Maverick director responsible for some of the most distinctive American films of the last 35 years. After serving in the military during the 1940s, Altman learnt his filmmaking craft by making advertisements and training films before breaking into TV, where he worked throughout the sixties. Altman's breakthrough feature was MASH in 1970, an acerbic Oscar-winning Korean war comedy that introduced his chaotic, overlapping narrative style. Throughout the seventies, Altman turned in a series of acclaimed films including Images, Brewster McCloud, California Split, The Long Goodbye, the western McCabe & Mrs Miller and the brilliant musical drama Nashville. The 1980s proved to be less successful, as Altman struggled in a decade of slick blockbusters to raise funds for his idiosyncratic movies; nevertheless, the likes of Popeye, Fool for Love and Vincent & Theo were all flawed but interesting work.

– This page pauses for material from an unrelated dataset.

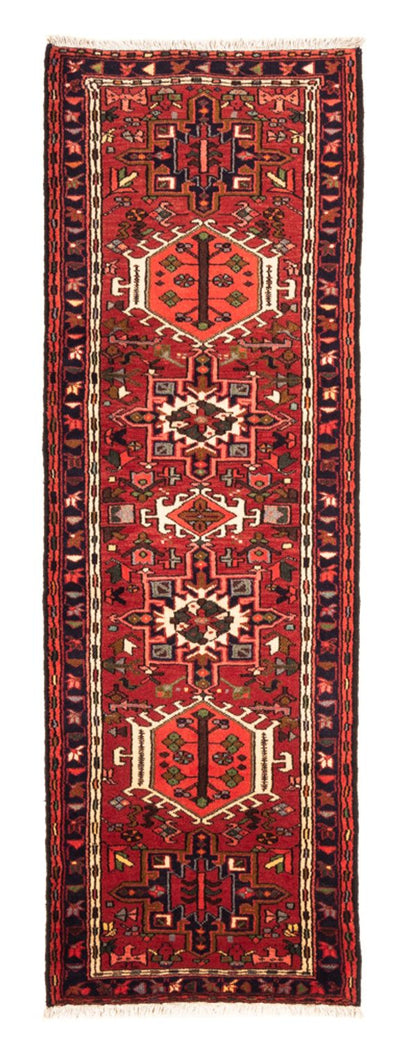 Qaraja Teppe 68x194cm - Persisk teppe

Altman returned to the A-list of directors with 1992's cameo-laden Hollywood satire The Player, which was followed by the superb ensemble drama Short Cuts, based on the stories of Raymond Carver. Since then until his death Altman turned in almost a film a year, which ranged from the great (Gosford Park, The Company) to the less impressive (Dr T & The Women, The Gingerbread Man), but always intelligent and unusual. At over 80, Altman remained an outspoken anti-Hollywood figure who showed no sign of slowing down right until the end, with his last film A Prairie Home Companion released in 2006.